Ora, non può essere affermato che la prescrizione per gli accertamenti dell’Ispettorato possa essere influenzata dal timore di ritorsioni datoriali e da licenziamenti illegittimi, ma tant’è: la circolare prende atto acriticamente dell’orientamento e dà indicazioni ai propri funzionari i quali, ovviamente, saranno tenuti ad osservarla.

Di certo sarà oggetto di dibattito giurisprudenziale.
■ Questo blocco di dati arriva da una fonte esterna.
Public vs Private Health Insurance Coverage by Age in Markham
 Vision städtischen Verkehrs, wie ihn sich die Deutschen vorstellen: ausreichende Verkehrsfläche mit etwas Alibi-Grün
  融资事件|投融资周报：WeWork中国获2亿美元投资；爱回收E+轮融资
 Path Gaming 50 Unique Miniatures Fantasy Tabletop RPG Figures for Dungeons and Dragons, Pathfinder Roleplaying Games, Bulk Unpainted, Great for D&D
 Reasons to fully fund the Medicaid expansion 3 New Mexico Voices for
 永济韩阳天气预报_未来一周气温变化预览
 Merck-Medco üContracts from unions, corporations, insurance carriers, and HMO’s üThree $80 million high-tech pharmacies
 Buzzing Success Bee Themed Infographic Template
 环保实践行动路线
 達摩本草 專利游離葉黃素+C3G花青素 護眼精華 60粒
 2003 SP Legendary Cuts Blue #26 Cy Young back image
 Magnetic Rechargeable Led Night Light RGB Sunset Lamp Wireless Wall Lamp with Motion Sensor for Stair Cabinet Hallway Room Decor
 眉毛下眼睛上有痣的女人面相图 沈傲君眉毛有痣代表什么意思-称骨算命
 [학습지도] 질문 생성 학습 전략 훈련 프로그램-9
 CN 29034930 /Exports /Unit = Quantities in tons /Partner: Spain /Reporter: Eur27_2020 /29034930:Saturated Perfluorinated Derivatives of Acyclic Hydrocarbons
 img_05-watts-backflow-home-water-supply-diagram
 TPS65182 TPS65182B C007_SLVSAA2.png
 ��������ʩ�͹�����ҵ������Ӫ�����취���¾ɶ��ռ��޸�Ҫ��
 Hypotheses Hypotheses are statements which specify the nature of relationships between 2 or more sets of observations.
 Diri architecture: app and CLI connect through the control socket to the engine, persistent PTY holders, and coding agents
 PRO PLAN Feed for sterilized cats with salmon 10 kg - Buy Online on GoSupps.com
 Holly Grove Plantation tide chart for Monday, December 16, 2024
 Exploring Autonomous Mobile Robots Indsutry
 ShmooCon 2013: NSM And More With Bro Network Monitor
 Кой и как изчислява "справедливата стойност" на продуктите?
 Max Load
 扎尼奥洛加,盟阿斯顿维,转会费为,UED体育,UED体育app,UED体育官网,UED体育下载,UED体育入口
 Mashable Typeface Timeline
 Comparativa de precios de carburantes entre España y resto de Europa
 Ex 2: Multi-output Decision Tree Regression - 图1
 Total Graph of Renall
Resta la considerazione che, se l’intento del legislatore era quello di agevolare una maggiore flessibilità in uscita e dare certezze, almeno in termini economici, per i licenziamenti dei lavoratori, non si è tenuto conto delle conseguenze e degli effetti collaterali, probabilmente non voluti, di certo non previsti, che espongono l’azienda ad un rischio economico di rivendicazioni salariali per l’intera durata della vita lavorativa del dipendente e per i cinque anni successivi. Non solo per quanto riguarda l’aspetto strettamente retributivo, ma anche per ogni altro aspetto legato al rapporto di lavoro, vedasi Ilgiuslavorista.it – Prescrizione dei crediti di lavoro dopo “Fornero” e “Jobs Act” secondo la Corte di legittimità (Cass. n. 26246 del 2022) 06 Ottobre 2022 di Vincenzo Di Cerbo – https:// ilg i usla v o r i s t a . i t /a r t i c o l i / f o cus/p res cri z i o n e – d e i – crediti-di-lavoro-dopo-fornero-e-jobs-act-secondo-la- corte-di.

Se è vero che ormai i rapporti di lavoro presso la stessa azienda stanno riducendo la propria durata media, questo aspetto è da tenere bene in considerazione, anche quando si fanno scelte a lungo termine come, ad esempio, il cambio di Ccnl applicato, la scelta di un regime di pagamento degli straordinari e così via, perché il conto potrebbe essere presentato ad anni di distanza e sarebbe particolarmente salato.